Doctor: It's an unreasoning dread of robots. You see, most living creatures use non-verbal signals. Body movement, eye contact, facial expressions, that sort of thing.

Leela: Body language!

Doctor: Exactly. But while these robots are humanoid, presumably for aesthetic reasons, they give no signals. It's rather like being surrounded by walking, talking dead men.

This serial begins in the recreation room of a giant sandminer ship belonging to a civilisation utterly dependent on robots. The workers all are discussing the urban legend of a guy whose arm was ripped off by a robot massaging him. But of course, they all know the robots have tons of safety systems in place and that they could never kill a human, right? Just then, the robots announce that they have detected a sandstorm, which stirs up ores in the sand that are worth a fortune. One poor Red Shirt, Chub, goes into the storage room to collect instruments for a weather balloon when he's strangled by...go ahead, guess. Thus begins a round of Agatha Christie-style paranoid accusations.

Enter the Fourth Doctor and Leela, who materialize in one of the sandminer's scoops. They're brought out by two robots and locked in a room, as the workers feel that the two killed Chub. It doesn't help that after they escape, the two are separately caught in the same rooms as dead bodies #2 and #3. So, the blame game enters Round Two; the crew cannot decide whether the Doctor and Leela did it or one of them. At any rate, they're locked up in iron shackles in the robot storage room. When a man named Poul frees the two out of belief in their innocence, the Doctor points out that they all completely overlooked a possible suspect: the robots. Poul laughs; the robots couldn't possibly kill a human!

While the Doctor tries to convince Poul otherwise, a woman named Zilda goes into Commander Uvanov's room and announces over a loudspeaker that she knows he's the murderer, but before she can explain how or why she gets strangled. For those watching at home, the body count is now up to 4. Suddenly, the ship shakes! Turns out, the ship has been sabotaged, and Red Shirt repairman Borg (No, not that Borg) has become dead body #5. The ship can't handle the stress and is about to blow up, but the Doctor cuts out the power and gets a man named Dask to repair the motors so the ship won't sink into the sand. Leela bandages up the hand of acting commander Toos, who heads to her quarters.
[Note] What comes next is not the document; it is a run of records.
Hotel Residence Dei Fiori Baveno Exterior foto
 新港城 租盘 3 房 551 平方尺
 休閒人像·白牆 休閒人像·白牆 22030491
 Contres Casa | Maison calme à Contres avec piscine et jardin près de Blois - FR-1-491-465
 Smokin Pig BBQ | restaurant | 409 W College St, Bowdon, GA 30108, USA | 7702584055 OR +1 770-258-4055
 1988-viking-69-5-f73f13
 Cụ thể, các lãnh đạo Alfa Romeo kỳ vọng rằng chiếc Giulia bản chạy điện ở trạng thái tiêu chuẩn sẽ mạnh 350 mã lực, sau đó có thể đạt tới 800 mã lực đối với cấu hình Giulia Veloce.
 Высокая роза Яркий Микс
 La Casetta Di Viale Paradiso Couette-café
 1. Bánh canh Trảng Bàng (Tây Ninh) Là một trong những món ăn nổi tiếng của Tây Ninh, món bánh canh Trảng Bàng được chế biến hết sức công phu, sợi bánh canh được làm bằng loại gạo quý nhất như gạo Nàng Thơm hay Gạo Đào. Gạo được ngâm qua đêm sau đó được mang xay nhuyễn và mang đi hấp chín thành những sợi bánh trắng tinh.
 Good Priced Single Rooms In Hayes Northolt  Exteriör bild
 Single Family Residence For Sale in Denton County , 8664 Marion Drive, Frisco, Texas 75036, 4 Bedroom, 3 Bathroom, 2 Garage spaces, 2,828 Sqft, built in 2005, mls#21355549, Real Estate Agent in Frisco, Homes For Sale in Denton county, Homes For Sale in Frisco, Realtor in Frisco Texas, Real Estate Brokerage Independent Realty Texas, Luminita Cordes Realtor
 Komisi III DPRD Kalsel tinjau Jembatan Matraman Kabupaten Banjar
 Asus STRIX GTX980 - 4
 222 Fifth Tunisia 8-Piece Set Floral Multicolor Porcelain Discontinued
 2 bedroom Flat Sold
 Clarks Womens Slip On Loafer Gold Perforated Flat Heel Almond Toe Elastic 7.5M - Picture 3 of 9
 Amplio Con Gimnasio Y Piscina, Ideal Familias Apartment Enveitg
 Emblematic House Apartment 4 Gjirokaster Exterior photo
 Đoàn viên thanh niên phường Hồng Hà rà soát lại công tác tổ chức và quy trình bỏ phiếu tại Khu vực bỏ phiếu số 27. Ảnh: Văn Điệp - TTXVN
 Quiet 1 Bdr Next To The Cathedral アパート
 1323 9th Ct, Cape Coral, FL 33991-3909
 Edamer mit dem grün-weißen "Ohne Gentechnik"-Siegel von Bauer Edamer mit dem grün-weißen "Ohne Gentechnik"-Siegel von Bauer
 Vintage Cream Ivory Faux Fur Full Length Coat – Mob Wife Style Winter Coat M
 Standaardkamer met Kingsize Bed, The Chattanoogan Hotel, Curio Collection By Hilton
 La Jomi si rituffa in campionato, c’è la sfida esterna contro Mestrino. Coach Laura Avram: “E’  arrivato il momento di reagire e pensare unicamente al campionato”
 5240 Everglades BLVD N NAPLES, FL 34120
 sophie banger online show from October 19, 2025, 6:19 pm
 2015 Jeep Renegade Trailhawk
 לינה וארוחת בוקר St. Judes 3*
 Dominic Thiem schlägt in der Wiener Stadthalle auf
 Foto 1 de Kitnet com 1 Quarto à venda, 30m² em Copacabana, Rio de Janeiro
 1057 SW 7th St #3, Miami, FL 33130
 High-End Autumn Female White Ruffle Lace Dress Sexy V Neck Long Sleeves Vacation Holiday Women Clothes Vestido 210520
Suddenly, yay, plot! A robot named D84 reveals that it and Poul are undercover agents for the mining company, who were placed on board the miner due to threats of a robot revolution by Mad Scientist Taren Capel. The Doctor and D84 search the miner for proof that Taren Capel is on board, and find a secret workshop where the robots' programming has been changed to enable them to kill humans. He tells Toos over the communications system to get the others and head for the command deck. But as soon as she can get to the door, she's blocked by a strangle-happy robot and just barely gets away by making the door slam onto its hand. Leela manages to find Poul, but he's too busy lying on the ground in the fetal position while he screams about how the robots have always controlled him to help. Meanwhile, it dawns on the Doctor and D84 that "Dask" is really Taren Capel, and he wants to liberate robots by giving them the ambition to take over civilization. Taren Capel (now wearing the robots' clothes and wearing facepaint to mimic them) gives his order to the robots: Destroy all remaining humans on board. The Doctor realizes that this is the end of this civilization, as the robots they so depend on will become a source of overwhelming fear.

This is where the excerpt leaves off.